= TASK OBJECTIVE =
Exactly as they appear below, repeat the lines from the one with "Peugeot 2008 1.2i Active 2021" through the one with "Tasse Cappuccino mit". Drop every picture.

= RECORDS TO USE =
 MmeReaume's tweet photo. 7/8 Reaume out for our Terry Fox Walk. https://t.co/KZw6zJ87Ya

==

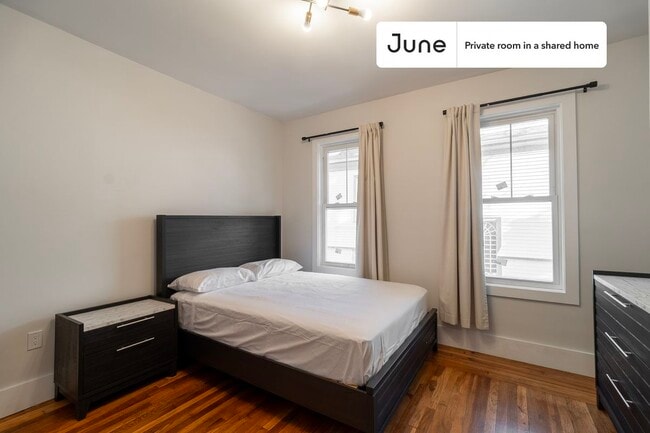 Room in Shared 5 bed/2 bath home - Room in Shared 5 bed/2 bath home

...

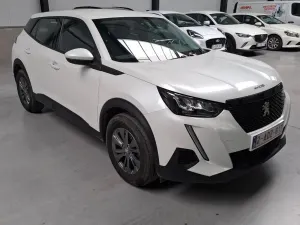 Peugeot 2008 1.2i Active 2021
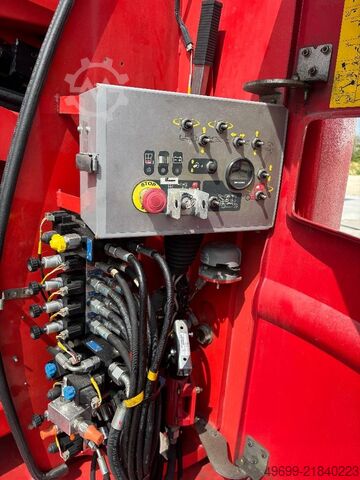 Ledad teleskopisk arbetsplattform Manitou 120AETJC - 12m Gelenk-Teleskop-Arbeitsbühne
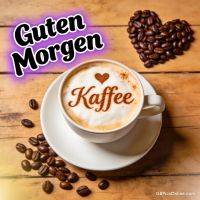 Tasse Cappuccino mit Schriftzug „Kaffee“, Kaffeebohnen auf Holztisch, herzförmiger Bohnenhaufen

= RESULT OF THE TASK =
 Peugeot 2008 1.2i Active 2021
 Ledad teleskopisk arbetsplattform Manitou 120AETJC - 12m Gelenk-Teleskop-Arbeitsbühne
 Tasse Cappuccino mit Schriftzug „Kaffee“, Kaffeebohnen auf Holztisch, herzförmiger Bohnenhaufen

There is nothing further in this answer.